Référence : 2014 CAF 90

CORAM :     

LE JUGE NOËL

LA JUGE DAWSON

LE JUGE WEBB

 

 

 

ENTRE :

VINOD KUMAR MOUDGILL

 

appelant

et

SA MAJESTÉ LA REINE

DU CHEF DU MANITOBA

 

intimée

 

Audience tenue à Winnipeg (Manitoba), le 2 avril 2014.

Jugement rendu à Winnipeg (Manitoba), le 3 avril 2014.

MOTIFS DU JUGEMENT :                                                                                  LE JUGE NOËL

Y ONT SOUSCRIT :                                                                                     

LA JUGE DAWSON

LE JUGE WEBB

 

 


Date : 20140403


Dossier :

A-260-13

 

Référence : 2014 CAF 90

CORAM:      

LE JUGE NOËL

LA JUGE DAWSON

LE JUGE WEBB

 

 

 

ENTRE :

VINOD KUMAR MOUDGILL

 

appelant

et

SA MAJESTÉ LA REINE

DU CHEF DU MANITOBA

 

intimée

 

MOTIFS DU JUGEMENT

LE JUGE NOËL

[1]               La Cour est saisie de l’appel d’une ordonnance par laquelle le juge Annis, de la Cour fédérale (le juge de la Cour fédérale), a refusé de modifier l’ordonnance du protonotaire Lafrenière (le protonotaire) qui faisait droit à une requête présentée par Sa Majesté la Reine du chef du Manitoba (l’intimée) en vue de faire radier la demande de contrôle judiciaire de M. Vinod Kumar Moudgill (l’appelant).

[2]               Dans la requête en radiation, présentée en vertu de la Règle 221(1) des Règles des Cours fédérales, DORS/98-106 (les Règles), l’intimée allègue que la Cour fédérale n’a compétence à l’égard d’aucune des questions soulevées dans la demande de contrôle judiciaire.

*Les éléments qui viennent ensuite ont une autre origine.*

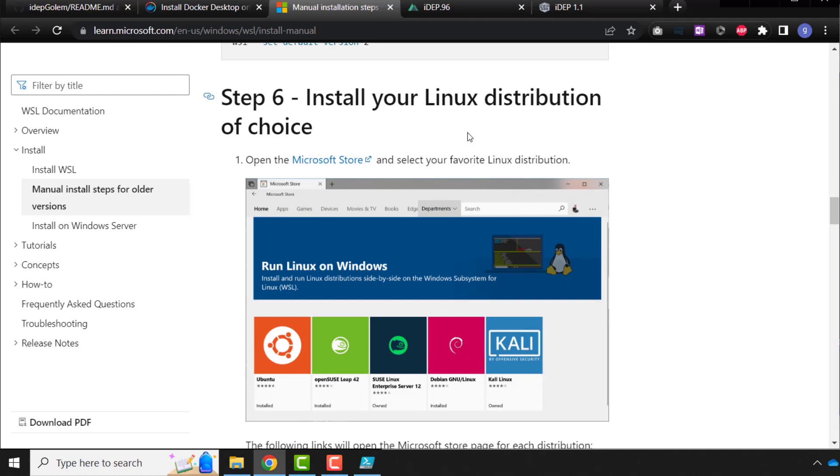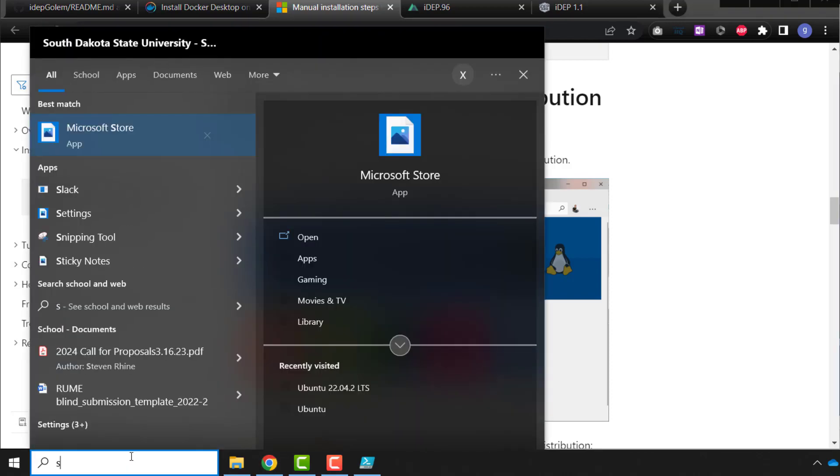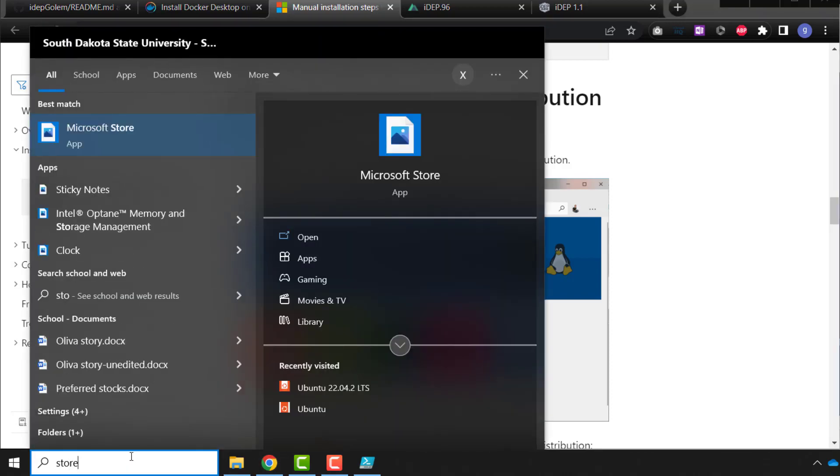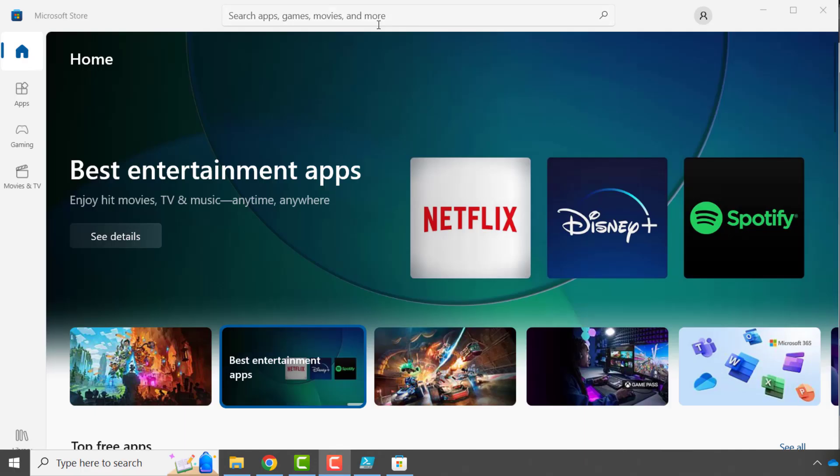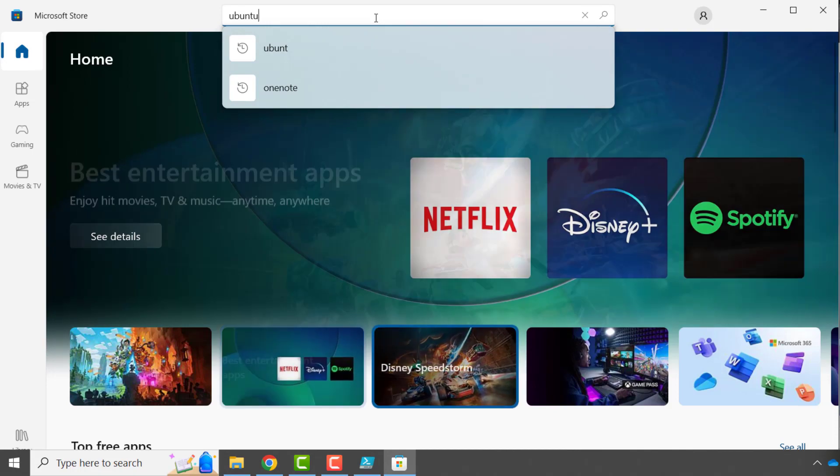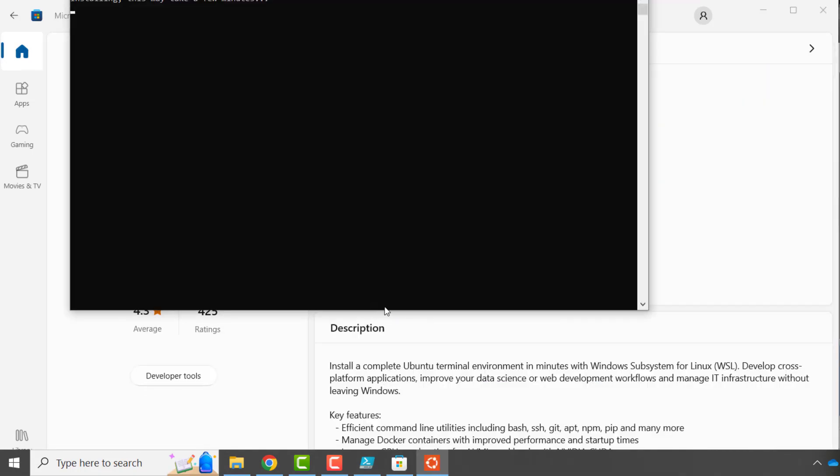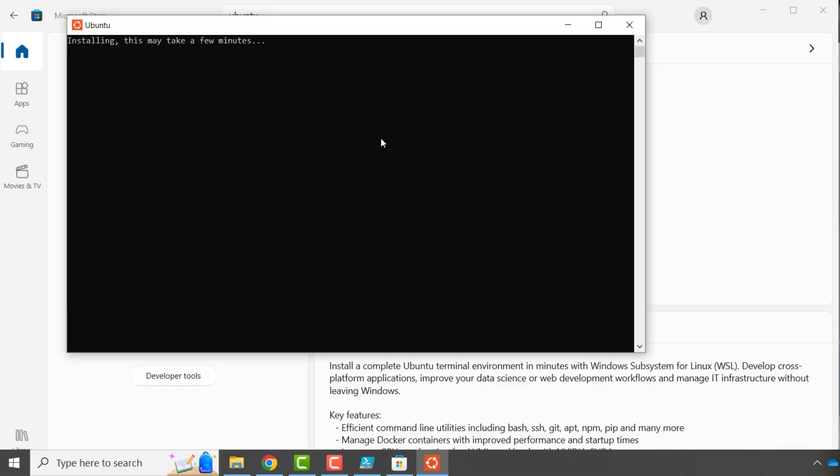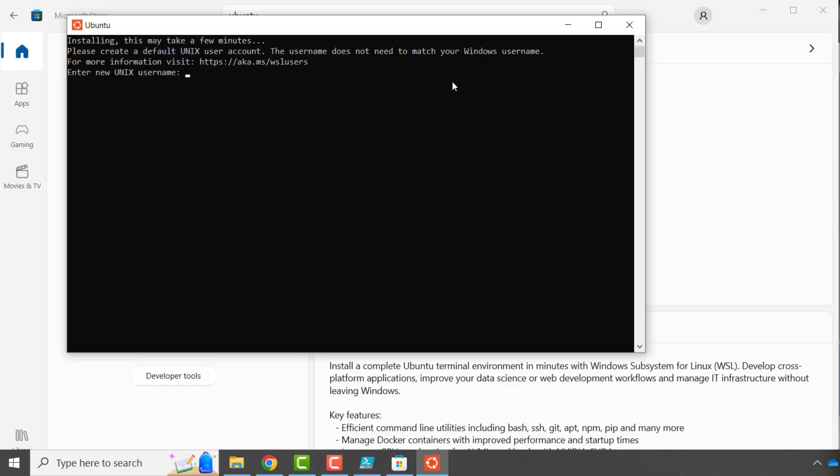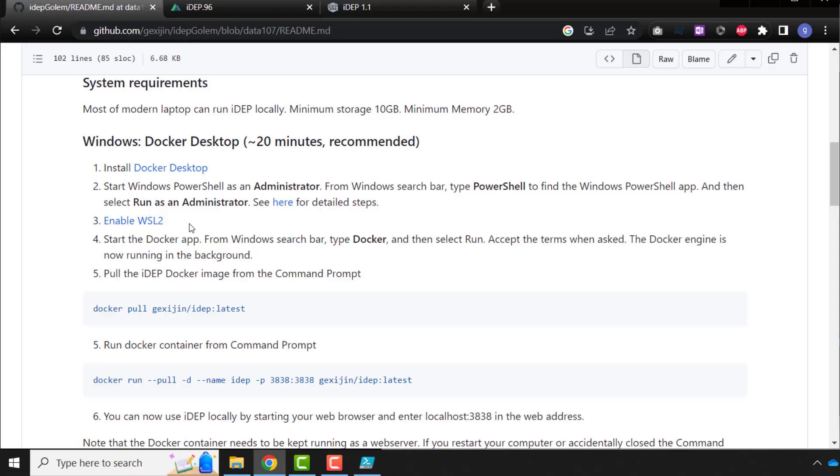Install Linux distribution, Microsoft Store. So open in Microsoft Store. Store is open, so we search Ubuntu, get, open. Then, the first time, enter Unix username. So that's all, that's finished. So we already done that, so start the Docker app.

Voici comment le protonotaire expose ces questions dans son ordonnance (au paragraphe 2) :

 

[traduction]

[L’appelant] a déposé un avis de demande dans lequel il sollicite une réparation de la nature d’un mandamus contre Sa Majesté la Reine du chef du Manitoba. Bien que l’acte de procédure soit quelque peu alambiqué, il semble que [l’appelant] allègue que l’ombudsman du Manitoba n’a pas exercé les pouvoirs que lui confère la Loi sur l’ombudsman du Manitoba pour enquêter sur la conduite répréhensible de la Commission des droits de la personne du Manitoba et de Sa Majesté du chef du Manitoba. [L’appelant] sollicite un jugement déclarant que les dispositions de diverses lois provinciales sont inconstitutionnelles ainsi qu’une réparation pour être indemnisé du préjudice personnel et des pertes financières qu’il a subis.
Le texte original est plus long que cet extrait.